Donegani v. Facebook, Inc., 2024 ONSC 7153
Facts
The plaintiffs alleged that Facebook had misused their data by making it available to certain third-party applications. The plaintiffs sought certification of a national class proceeding, alleging, among other things, intrusion upon seclusion and breach of provincial privacy statutes.
Decision
Justice Akbarali made a variety of findings in respect of the cause of action and common issues criteria of the certification test, but did not ultimately decide the certification motion. The findings included, among others:
- Ontario courts do not have jurisdiction to hear and decide claims under the privacy statutes of B.C., Manitoba and Newfoundland and Labrador.
- The proposed common issues relating to intrusion upon seclusion were not capable of certification in these circumstances.

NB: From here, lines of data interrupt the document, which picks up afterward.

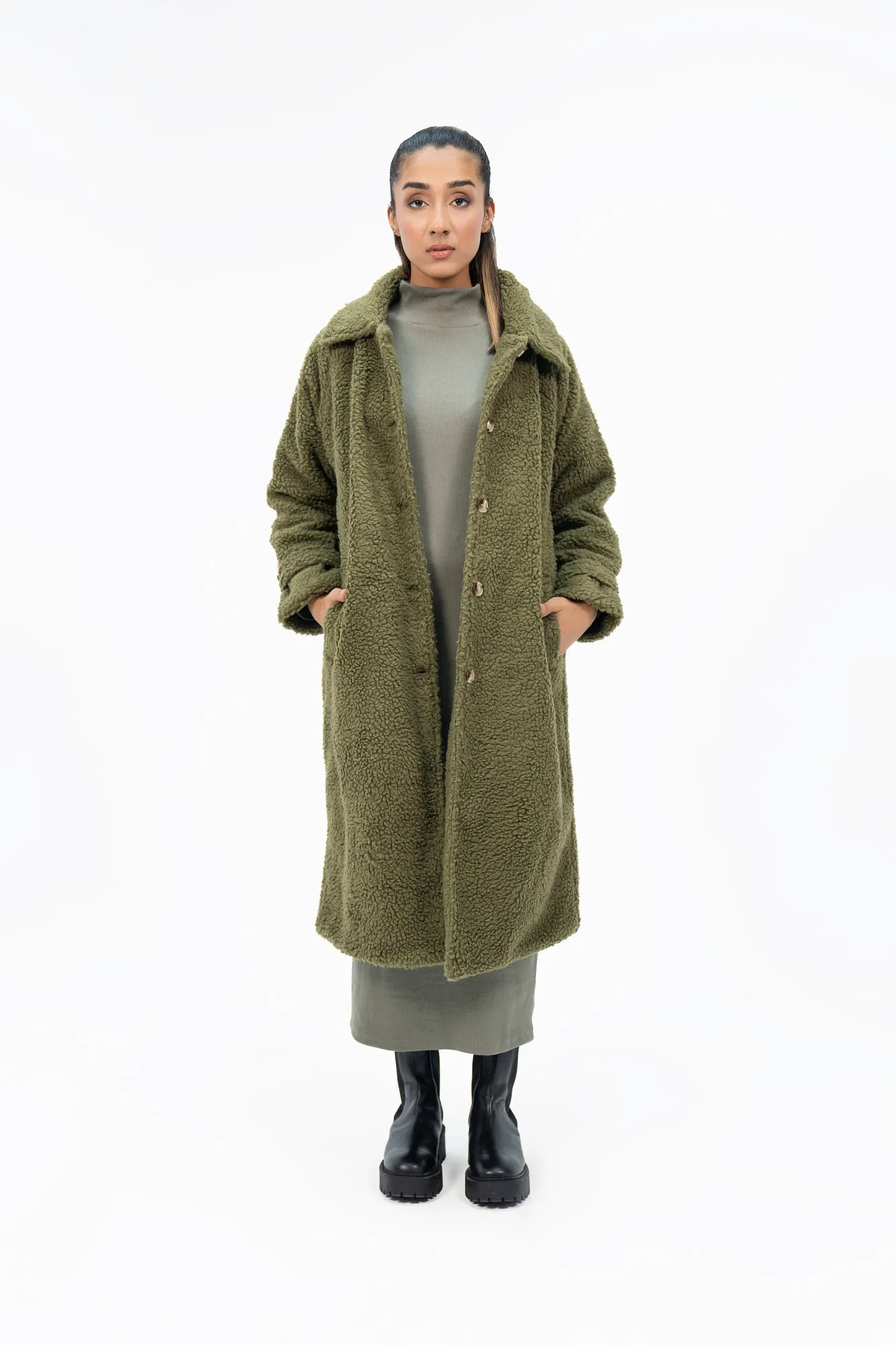 Sherpa Long Coat - Olive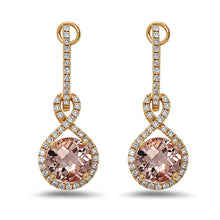 Load image into Gallery viewer, 14K Rose Gold Morganite &amp; Diamond Earrings - 1&quot; Inch Long
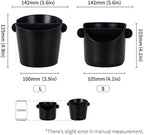 Espresso Knock Box,watchget Coffee Knock Box with Durable Knock Bar Space-Saving Coffee Ground Bin Non-Slip Base, Small Espresso Dump Bin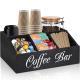 Wooden Grid Coffee Pod Storage Box Desktop Organizer
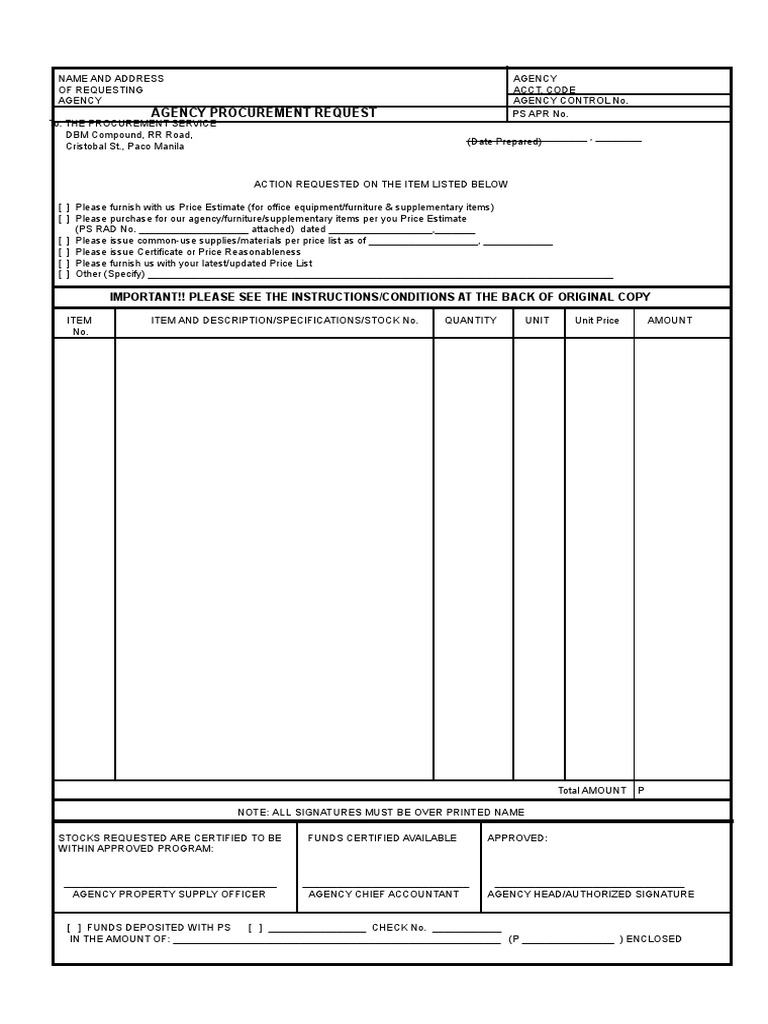Agency Procurement Request Form | PDF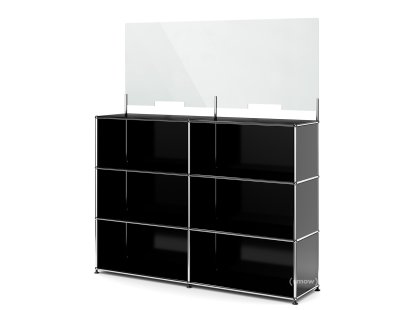 USM Haller Counter L with Security Screen, Graphite black RAL 9011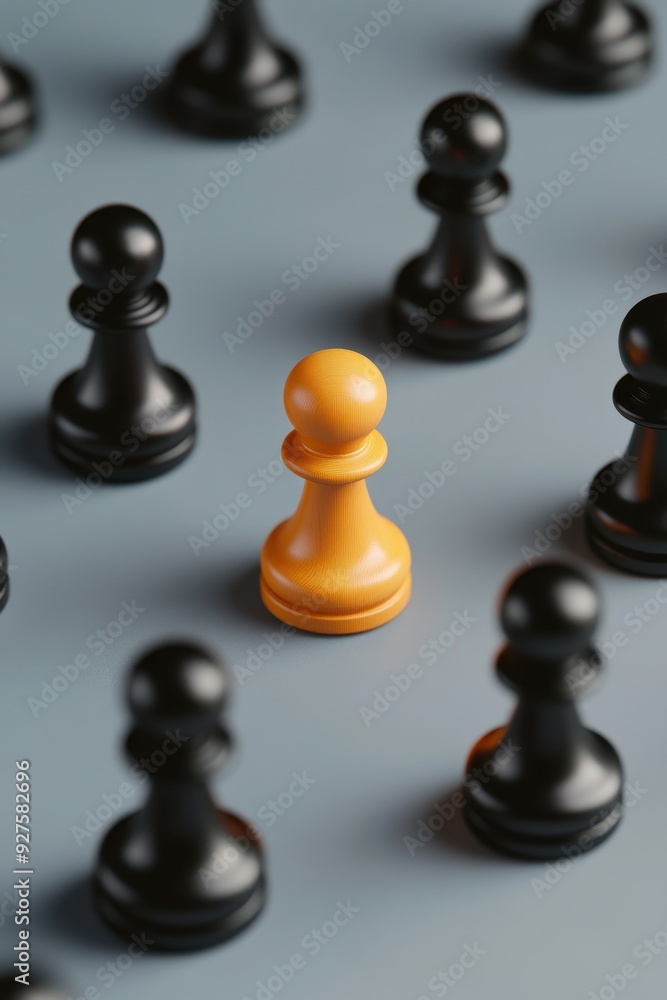 Unique yellow chess pawn standing out among black pawns. Concept of leadership, individuality, and difference. Unique yellow chess pawn standing out among black pawns. Concept of leadership, individuality, and difference.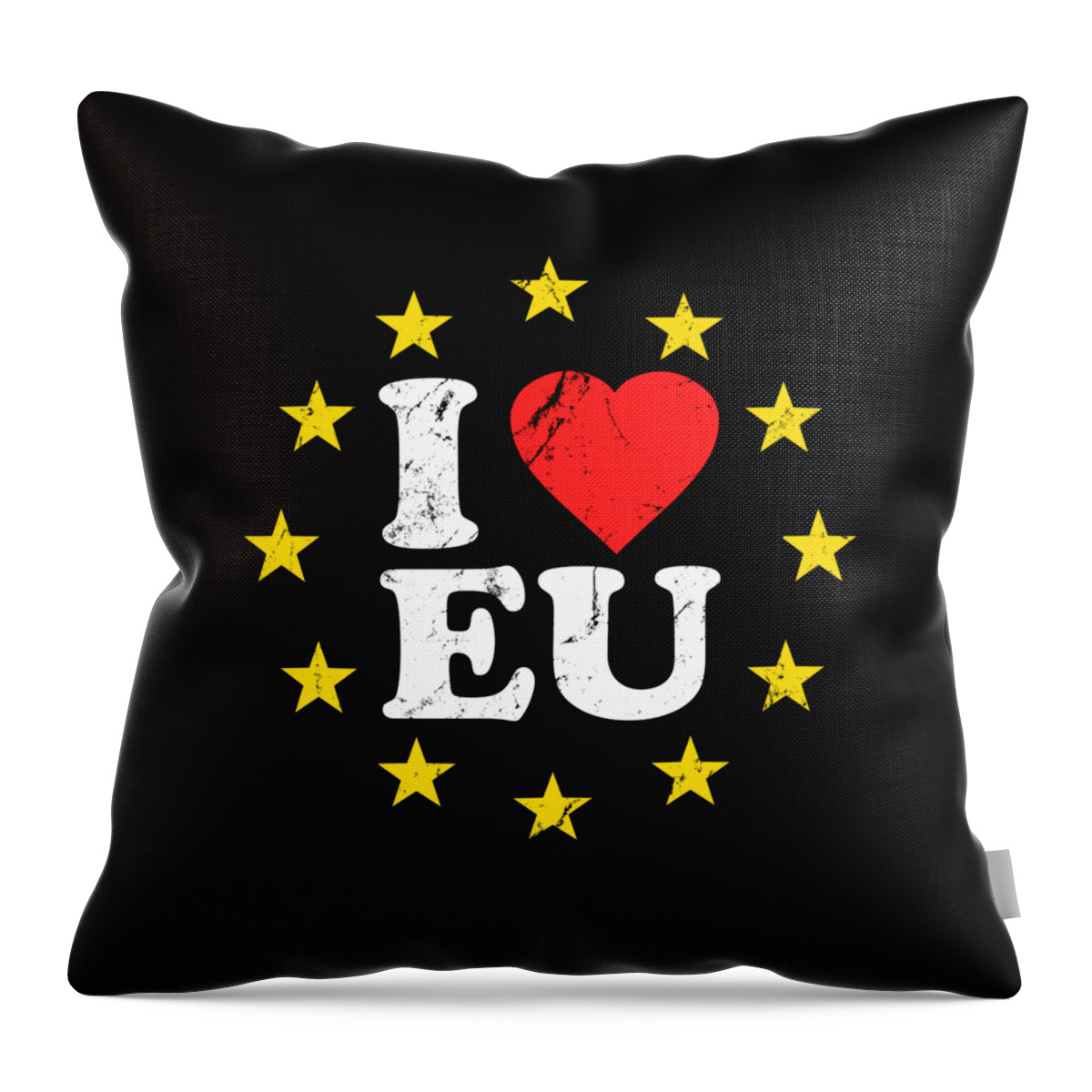 European-union Throw Pillow featuring the digital art I Love The European Union EU #1 by Flippin Sweet Gear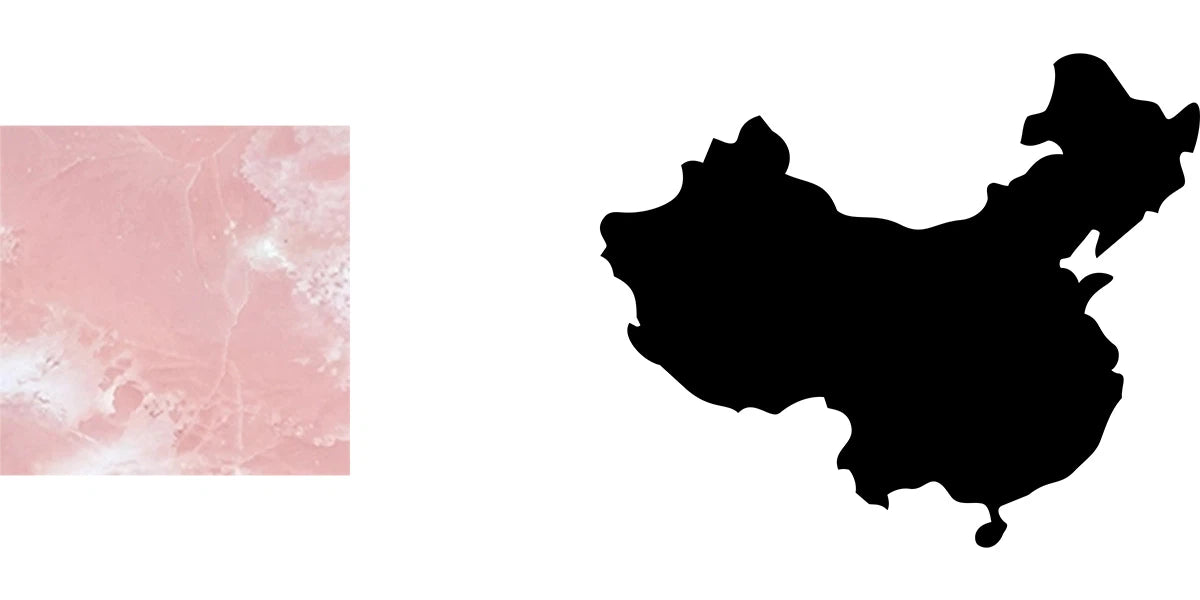 Menelame Design-Material: Zartrosa Rose Onyx mit weißlichen Einschlüssen neben der Landkarte von China.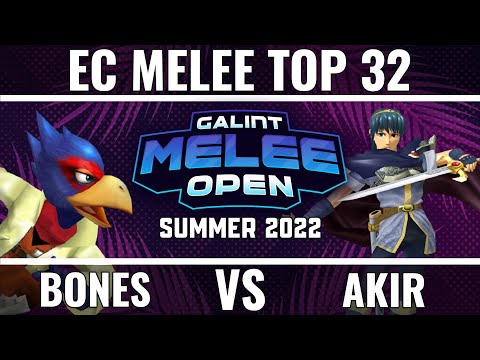 Bones (Falco) vs Akir (Marth) - East Coast Melee Top 32 - GMO Summer '22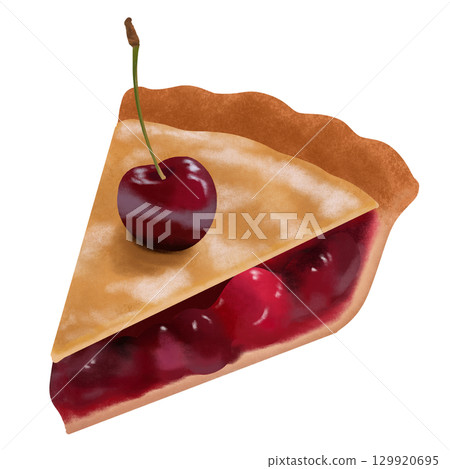 櫻桃派,上面放有櫻桃 櫻桃派,上面放有櫻桃 129920695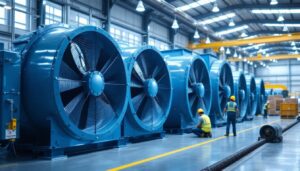 A photograph of a spacious warehouse interior showcasing large industrial fans in action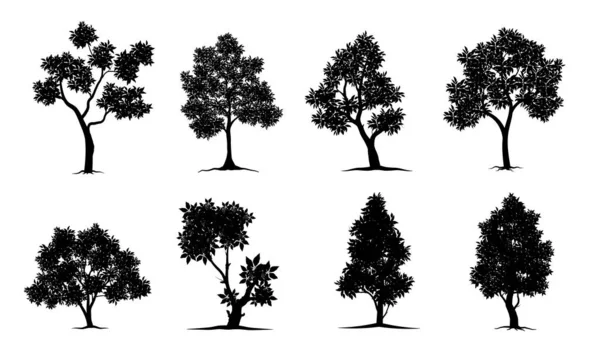 Siyah Ağaç Sembolü Tarzı Beyaz Arkaplan Şiniz Için Kullanılabilir — Stok Vektör
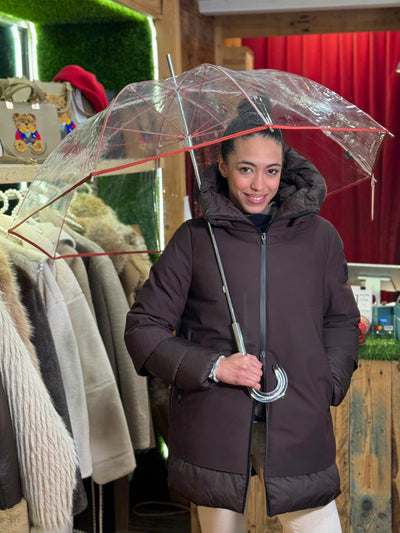 Paraguas transparente filo rojo Ezpeleta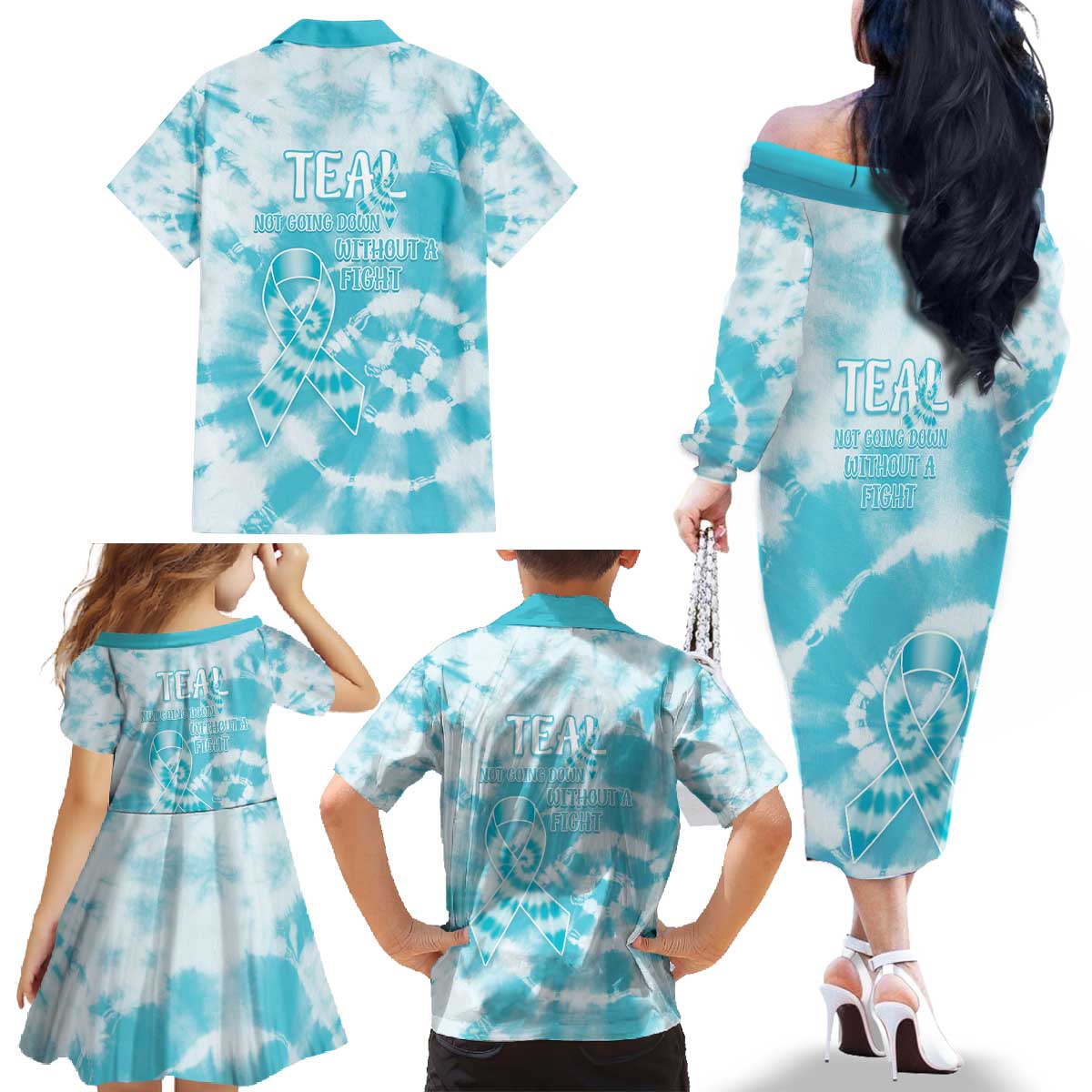 Teal Ribbon Cervical Cancer Awareness Family Matching Off The Shoulder Long Sleeve Dress and Hawaiian Shirt Not Going Down Without A Fight Tie Dye - Wonder Print Shop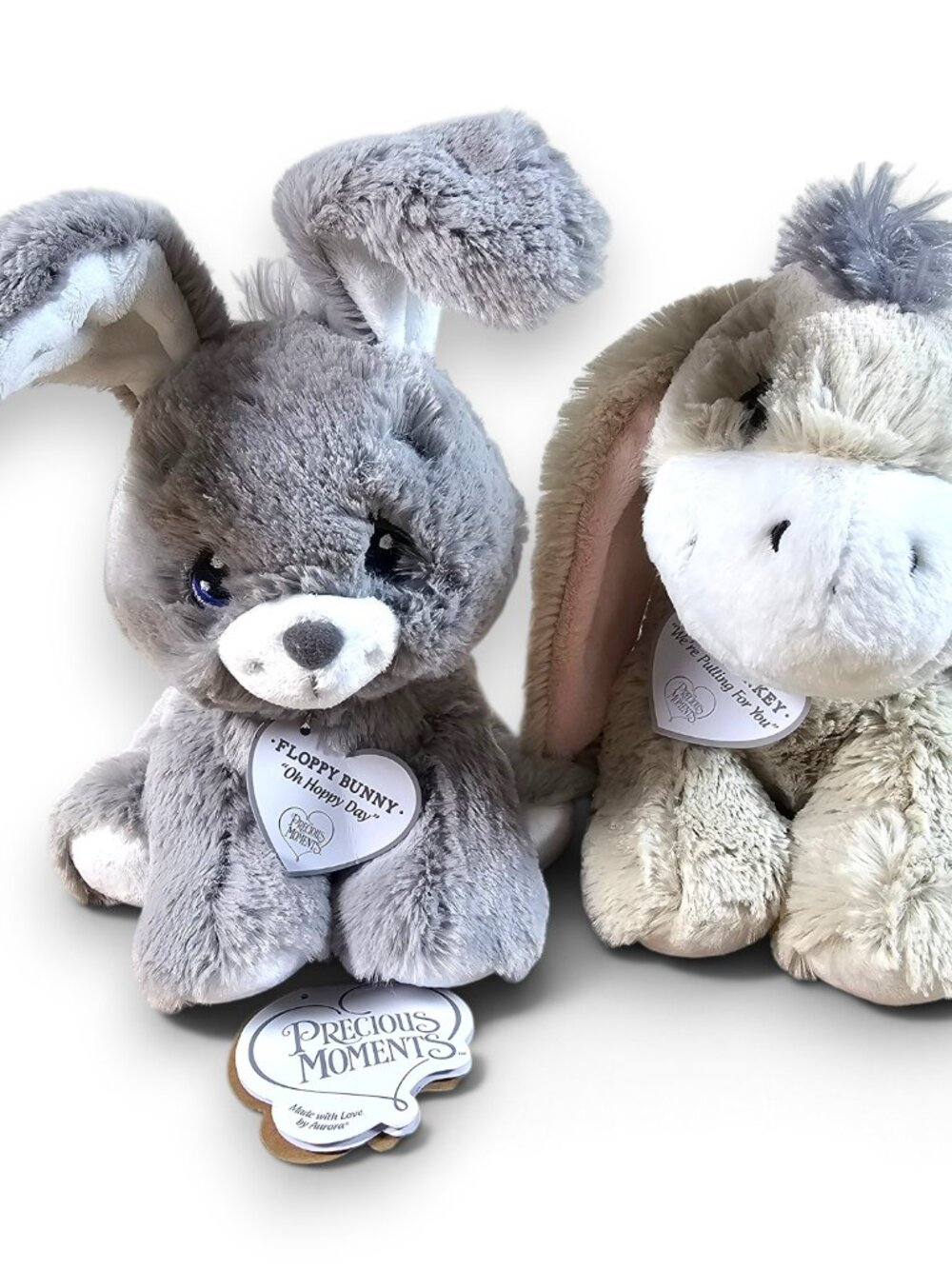 Aurora Precious Moments Plush Lot of 2 Floppy Bunny & Dusty Donkey w/ Tags 8"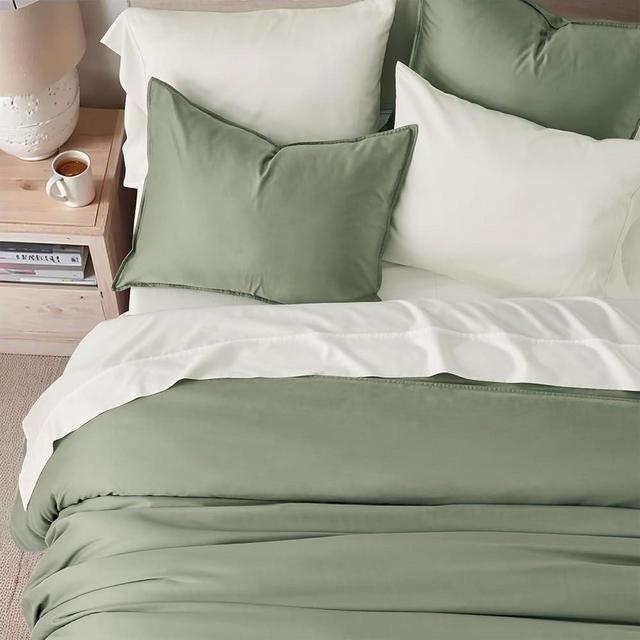 EVERGRACEHOME Cotton Tencel Cooling Duvet Cover Set King Size for Hot Sleepers, Luxe Eucalyptus Lyocell Bedding Set, Soft Sateen Weave Button Closure Comforter Cover 92" x 108" w/ 2 Shams, Sage Green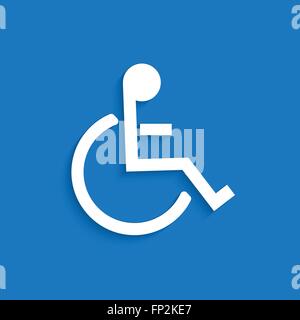 Illustration of the wheelchair symbol on a colorful blue background. Stock Vector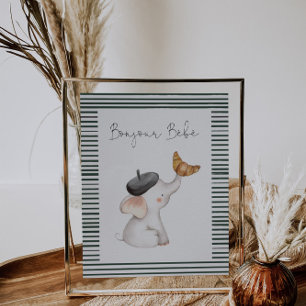 Bonjour Bebe Paris French Elephant Baby Shower Poster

- Certain of the proposed common issues relating to the contracts between Facebook and its users, and consent, were capable of certification. However, none of the proposed common issues relating to damages could be certified.
Justice Akbarali did not decide the preferable procedure criterion. She ordered the plaintiffs to propose a new class definition and litigation plan, following which the parties will return for further argument.
Key takeaway
The certification motion remains to be decided.